** Opening Data in this exercise block **

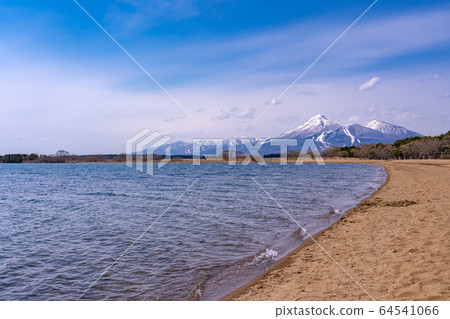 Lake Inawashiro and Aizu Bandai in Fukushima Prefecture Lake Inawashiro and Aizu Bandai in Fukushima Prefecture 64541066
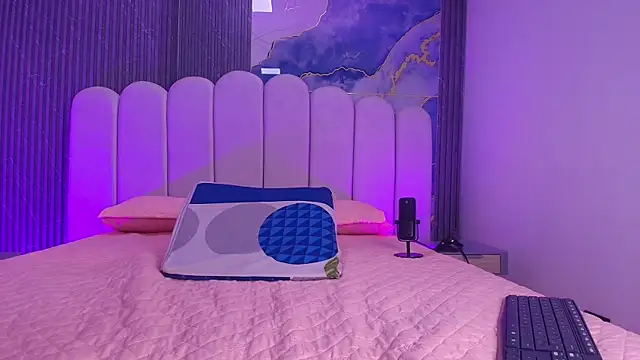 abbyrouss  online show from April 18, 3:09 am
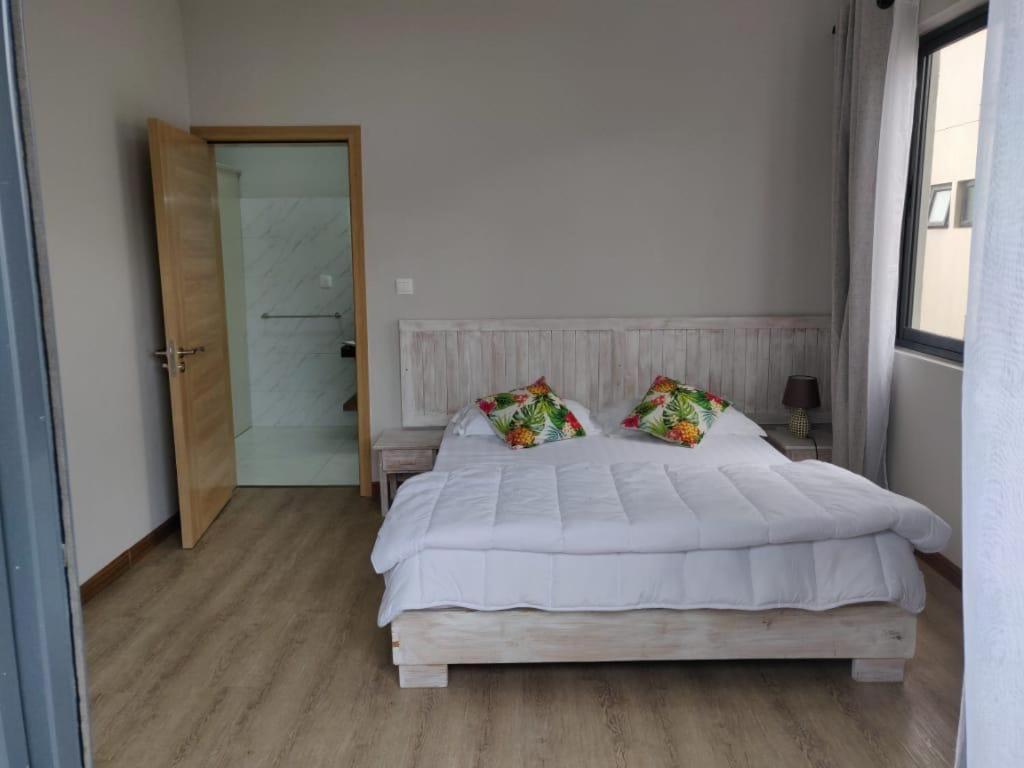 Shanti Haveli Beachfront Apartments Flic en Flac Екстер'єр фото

** Closing Data in this exercise block **
** Opening Data in this exercise block **

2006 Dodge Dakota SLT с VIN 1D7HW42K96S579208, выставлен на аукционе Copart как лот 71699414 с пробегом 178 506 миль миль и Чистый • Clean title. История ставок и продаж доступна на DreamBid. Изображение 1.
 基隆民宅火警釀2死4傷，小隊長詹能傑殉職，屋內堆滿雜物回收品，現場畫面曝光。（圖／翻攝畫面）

** Closing Data in this exercise block **
** Opening Data in this exercise block **

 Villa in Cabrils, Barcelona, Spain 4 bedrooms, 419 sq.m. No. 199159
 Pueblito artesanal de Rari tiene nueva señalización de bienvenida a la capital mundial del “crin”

** Closing Data in this exercise block **

◆ **Task to carry out**
Reproduce the listing above from the line that holds "Lake Inawashiro and Aizu Bandai in Fukushima Prefecture Lake" through the line that holds "Shanti Haveli Beachfront", both included, with the pictures left out.

◆ **Solution to the exercise**
 Lake Inawashiro and Aizu Bandai in Fukushima Prefecture Lake Inawashiro and Aizu Bandai in Fukushima Prefecture 64541066
 abbyrouss  online show from April 18, 3:09 am
 Shanti Haveli Beachfront Apartments Flic en Flac Екстер'єр фото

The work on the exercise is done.